I hope I have researched this enough that my premise is not totally off base. If so, then the mathematicians out there can set me straight.
My premise is that a Double
value such as 12.5
should be rounded to 5 significant figures (NOT decimal places) as 12.500
. Instead, using the following C# code, I get 12.5
:
Double d = 12.5;
Console.WriteLine(d.ToString("G5"));
I came across this post from 2007 which seems to echo my problem. In fact, I am using those example numbers just to keep things consistent.
My goal here is to better understand the following:
Is my understanding of sig figs mathematically correct? I.e., is my expectation reasonable, or is the output "12.5" somehow correct?
Is this really a (very long-lived) bug in the framework? If so, can/will it be fixed?

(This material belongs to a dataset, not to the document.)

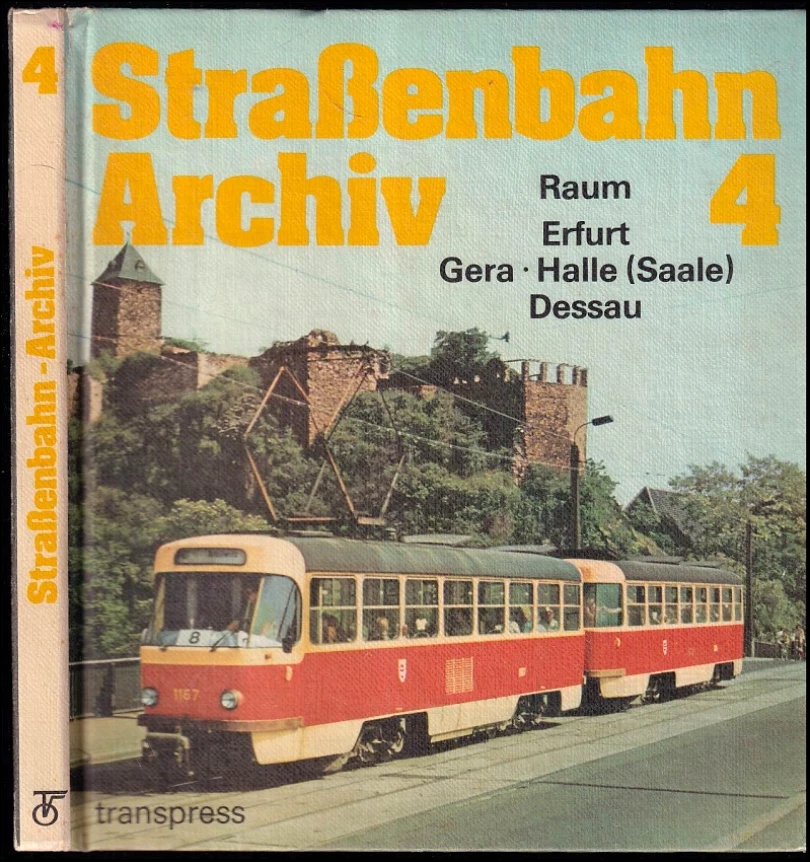 Levně Straßenbahn Archiv 4 (Gerhard Bauer, 1984)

Assuming it is a bug, what might I do about it now? Write a hack to determine how many sig figs you actually got back and then pad it? Roll my own code to do what the "G" format string was supposed to do? I have come across examples of this on SO already, so perhaps that is evidence that a clean option does not exist.
Additionally, I do realize that the storage issues with Double
might negatively impact the rounding aspect of this problem, but for now, I am only concerned with the issue of more sig figs than original digits.
EDIT: I have tested this up to framework 4.5.